Я вернулась в Спейхауз и, следуя совету Джереми, никому ничего не сказала, за исключением Артура. Он воспринял эту весть так же выдержанно, как это сделал бы его отец, и точно так же отказывался верить приговору до тех пор, пока еще трое врачей не подтвердили правильность первоначального диагноза. Хороший сын, он делал все, что было в его силах, пытаясь утешить меня. Видя, что от этого ему самому становится легче, я не препятствовала и не стала объяснять, что на самом деле не нуждаюсь в утешении.
Стараясь отвлечь меня от грустных мыслей, он даже предложил вместе совершить путешествие по Бельгии, о котором я мечтала уже давно.
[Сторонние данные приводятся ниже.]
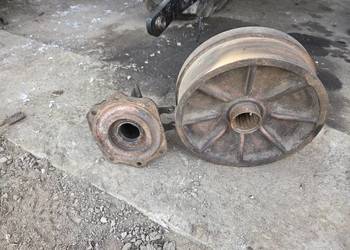 Bęben hamulcowy + szczekotrzymacz do Zetora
Было интересно увидеть великое поле битвы при Ватерлоо, но мне оно показалось обычной деревенской местностью, которая когда-то была ненадолго разбужена ото сна громом пушек.
Там ничего не было от Дэвида, хотя его тело и покоилось где-то неподалеку. Дэвид остался в полях и лесах Спейхауза, на Уорик-террас, возможно, даже в маленьком коттедже в Рэе. Но здесь, в этих чужеземных полях, его не было. Впрочем, думаю, Артур так и не понял, почему я не захотела взглянуть на могилу Дэвида.
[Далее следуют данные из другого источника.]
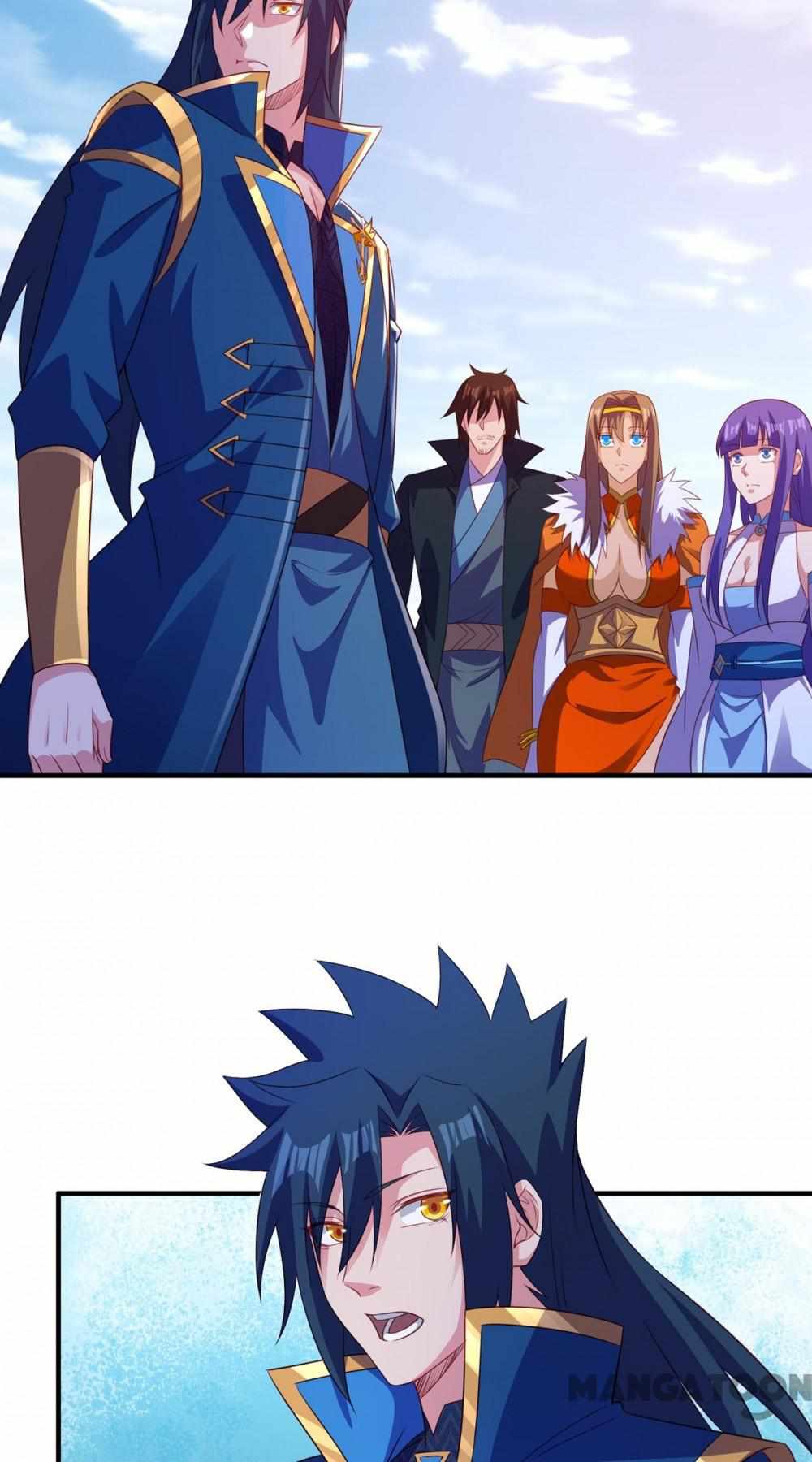 Spirit Sword Sovereign Chapter 487 - page 13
Мы вернулись, и я делала все, чтобы Марта и остальные как можно дольше не замечали нараставшую во мне боль. Марта, которая была уже очень стара – даже старше Джереми, – за прошедшие годы усохла и телом, и умом, став больше походить на обычных людей. Временами она становилась сварливой, и я не завидовала слугам, которым приходилось испытывать на себе ее все еще железную руку.
Когда уже стало невозможно скрывать от нее правду, нам с Джереми пришлось убедиться, что мы ошибались в наших предположениях на ее счет. Мы были удивлены тем, как стойко встретила Марта страшную весть – так же стойко, как встречала она их всегда. Ее видимое безразличие задело Артура, и в несколько резкой форме он начал пенять ей за «безжалостное» отношение ко мне.
– А о чем тут жалеть! – прокаркала она в ответ. – Время сожалений давно прошло.
Как всегда, она понимала меня слишком хорошо.
С начала этого года терзающая меня боль заметно усилилась. Она появляется постепенно в нижней части тела, с левой стороны, и растет до тех пор, пока не превращается в огненный шар, раздирающий меня на куски. Наверное, то же самое почувствовал Дэвид в момент гибели. Но вследствие его праведности он испытал эту муку лишь на мгновение и тут же освободился от нее. Я же слишком много грешила в своей жизни и теперь должна была сполна расплатиться за это. Поэтому боль возвращается ко мне снова и снова, оставляя меня опустошенной, в страшном ожидании нового приступа.
В перерывах между этими страданиями я и попыталась подвести итог своей жизни. Обитатели Оксфордшира, считающие меня дважды овдовевшей женщиной гранитной добропорядочности, были бы более чем удивлены, если бы смогли ознакомиться с результатами моих подсчетов. Каков же итог? Шестнадцать лет вакуума, четырнадцать лет полужизни, семь лет, пять месяцев и одна неделя полного счастья, двадцать два года ожидания и оберегания детей. Странная бухгалтерия, но такой ее сделали мы с моей судьбой, так что на цифры эти мне пенять не приходится.
Теперь боль становится все более невыносимой и приходит все чаще, а светлые промежутки становятся все короче. Я знаю, что скоро боль вернется и будет расти до тех пор, пока мои чувства, мой рассудок, мое сердце не сгорят в ее последнем костре. И тогда я снова пойду по схваченным морозцем аллеям парка в Солуорпе и увижу багровую красоту осенних деревьев, а навстречу мне широкими мальчишескими шагами будет идти Дэвид. Я пойду к нему через заснеженные зимние поля. А потом вновь наступит весна.